── SUPPLIED DATA
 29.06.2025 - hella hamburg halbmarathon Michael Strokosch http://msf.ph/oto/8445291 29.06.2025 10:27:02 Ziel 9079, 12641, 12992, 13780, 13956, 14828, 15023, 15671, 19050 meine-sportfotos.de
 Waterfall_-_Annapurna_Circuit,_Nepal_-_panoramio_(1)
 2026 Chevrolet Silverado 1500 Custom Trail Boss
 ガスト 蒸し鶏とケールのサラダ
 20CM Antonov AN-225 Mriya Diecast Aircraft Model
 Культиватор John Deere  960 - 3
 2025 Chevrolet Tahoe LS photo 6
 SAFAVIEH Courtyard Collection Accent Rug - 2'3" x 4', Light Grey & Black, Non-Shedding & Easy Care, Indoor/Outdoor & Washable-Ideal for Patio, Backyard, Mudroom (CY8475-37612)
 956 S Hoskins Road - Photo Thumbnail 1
────
> [ASSIGNMENT]
Each record above should be returned exactly as it appears.

> [ANSWER TO THIS PROBLEM]
 29.06.2025 - hella hamburg halbmarathon Michael Strokosch http://msf.ph/oto/8445291 29.06.2025 10:27:02 Ziel 9079, 12641, 12992, 13780, 13956, 14828, 15023, 15671, 19050 meine-sportfotos.de
 Waterfall_-_Annapurna_Circuit,_Nepal_-_panoramio_(1)
 2026 Chevrolet Silverado 1500 Custom Trail Boss
 ガスト 蒸し鶏とケールのサラダ
 20CM Antonov AN-225 Mriya Diecast Aircraft Model
 Культиватор John Deere  960 - 3
 2025 Chevrolet Tahoe LS photo 6
 SAFAVIEH Courtyard Collection Accent Rug - 2'3" x 4', Light Grey & Black, Non-Shedding & Easy Care, Indoor/Outdoor & Washable-Ideal for Patio, Backyard, Mudroom (CY8475-37612)
 956 S Hoskins Road - Photo Thumbnail 1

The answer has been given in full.